It shows you have a conscious internal representation of that animal, not just a reaction to it or a generalised memory.

Reproducing "the image in your head" involves planning and tool use: the ability to maintain a constant memory of the appearance of the animal, plus the ability to work to a systematic plan for some time, so that your memory is translated into a two-dimensional pattern on stone which nonetheless conveys the appearance of the animal in such a way that the subject is immediately identifiable by others- an astonishing ability!

I think we can be confident that the image would be recognisable to at least some of the artist's peers, just as it is to us today.
The picture is an external memory storage device! The artist's work shows us that he or she saw this animal.

We don't know the purposes of prehistoric art.
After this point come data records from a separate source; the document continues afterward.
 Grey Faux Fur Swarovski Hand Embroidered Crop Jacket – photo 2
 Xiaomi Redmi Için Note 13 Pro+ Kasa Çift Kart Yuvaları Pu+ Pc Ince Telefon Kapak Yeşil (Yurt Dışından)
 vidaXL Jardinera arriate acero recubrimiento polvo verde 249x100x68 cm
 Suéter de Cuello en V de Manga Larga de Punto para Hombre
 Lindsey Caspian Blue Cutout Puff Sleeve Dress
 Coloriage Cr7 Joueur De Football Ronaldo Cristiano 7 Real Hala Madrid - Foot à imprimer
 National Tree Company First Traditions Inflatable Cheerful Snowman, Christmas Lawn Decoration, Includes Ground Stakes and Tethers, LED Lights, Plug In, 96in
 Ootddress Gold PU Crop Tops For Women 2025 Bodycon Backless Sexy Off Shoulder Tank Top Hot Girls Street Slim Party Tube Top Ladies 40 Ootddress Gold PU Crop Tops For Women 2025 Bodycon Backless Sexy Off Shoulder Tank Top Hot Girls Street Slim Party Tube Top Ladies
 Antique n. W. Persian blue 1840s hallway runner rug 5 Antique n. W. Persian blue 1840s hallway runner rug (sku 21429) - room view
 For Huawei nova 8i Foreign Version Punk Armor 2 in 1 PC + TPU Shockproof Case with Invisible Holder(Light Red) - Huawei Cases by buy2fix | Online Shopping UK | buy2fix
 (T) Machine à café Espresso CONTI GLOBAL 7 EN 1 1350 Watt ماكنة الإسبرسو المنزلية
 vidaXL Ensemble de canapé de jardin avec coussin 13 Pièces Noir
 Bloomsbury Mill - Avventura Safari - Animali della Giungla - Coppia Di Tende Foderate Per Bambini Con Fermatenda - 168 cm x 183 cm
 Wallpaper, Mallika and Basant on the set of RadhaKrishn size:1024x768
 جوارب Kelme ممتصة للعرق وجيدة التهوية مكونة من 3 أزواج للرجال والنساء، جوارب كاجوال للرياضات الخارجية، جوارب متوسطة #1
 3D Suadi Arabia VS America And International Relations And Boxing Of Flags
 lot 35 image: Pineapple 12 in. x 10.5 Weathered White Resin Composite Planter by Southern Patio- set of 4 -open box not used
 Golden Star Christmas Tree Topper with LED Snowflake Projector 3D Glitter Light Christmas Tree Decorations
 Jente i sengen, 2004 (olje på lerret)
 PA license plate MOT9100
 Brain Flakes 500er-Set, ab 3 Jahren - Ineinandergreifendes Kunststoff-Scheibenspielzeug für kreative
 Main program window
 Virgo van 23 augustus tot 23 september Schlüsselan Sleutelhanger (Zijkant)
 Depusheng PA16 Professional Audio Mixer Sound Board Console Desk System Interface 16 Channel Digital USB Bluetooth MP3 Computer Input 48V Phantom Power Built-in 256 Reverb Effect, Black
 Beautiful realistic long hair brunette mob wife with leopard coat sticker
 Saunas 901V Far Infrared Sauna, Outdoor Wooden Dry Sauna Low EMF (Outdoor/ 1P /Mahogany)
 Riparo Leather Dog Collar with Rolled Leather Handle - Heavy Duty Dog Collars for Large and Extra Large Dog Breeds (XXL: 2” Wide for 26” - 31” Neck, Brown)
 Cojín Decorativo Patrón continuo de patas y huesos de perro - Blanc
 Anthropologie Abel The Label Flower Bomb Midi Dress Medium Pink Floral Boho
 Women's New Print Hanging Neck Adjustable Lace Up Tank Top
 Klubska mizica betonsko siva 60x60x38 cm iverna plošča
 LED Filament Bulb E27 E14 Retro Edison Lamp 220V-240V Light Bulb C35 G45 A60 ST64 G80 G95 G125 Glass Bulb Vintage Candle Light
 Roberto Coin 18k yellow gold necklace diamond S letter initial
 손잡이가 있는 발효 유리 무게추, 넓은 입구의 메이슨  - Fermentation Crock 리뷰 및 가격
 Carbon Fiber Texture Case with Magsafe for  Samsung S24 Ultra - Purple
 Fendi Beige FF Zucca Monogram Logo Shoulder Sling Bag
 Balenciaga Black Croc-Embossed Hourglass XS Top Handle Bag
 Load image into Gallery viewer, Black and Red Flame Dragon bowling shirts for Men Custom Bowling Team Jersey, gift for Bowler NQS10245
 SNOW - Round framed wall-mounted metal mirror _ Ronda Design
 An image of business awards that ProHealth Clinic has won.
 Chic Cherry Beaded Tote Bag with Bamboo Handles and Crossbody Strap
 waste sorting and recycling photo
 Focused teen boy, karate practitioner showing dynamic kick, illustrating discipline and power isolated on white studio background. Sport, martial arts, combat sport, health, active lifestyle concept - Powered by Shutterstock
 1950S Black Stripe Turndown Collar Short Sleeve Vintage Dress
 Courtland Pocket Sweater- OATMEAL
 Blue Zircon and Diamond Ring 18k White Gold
Maybe to help in retelling stories, maybe to impress others with how clever you are, maybe a magic/ religious appeal for similar game in future
Lascaux is full of paintings of animals that migrated through the valley, but they were not prey
(I don't know, but I'd guess that the Lascaux people would sometimes hunt equines/ bovids if the opportunity arose),
who knows.
But the art presumably did have a purpose, and the effort put into it doesn't seem to confer any survival benefits* unless it helped reinforce or elevate the artist's status in their group- which depends on others being impressed by the artist's representation of an animal that they had seen and remembered.

*Just occurred to me, maybe people occupied with such activity were less inclined to go wandering off from the cave at inopportune times, or get involved in fights about mates etc. that might occur with everyone just sitting around eyeing each other up. Maybe pastimes originally had a survival/ social benefit after all!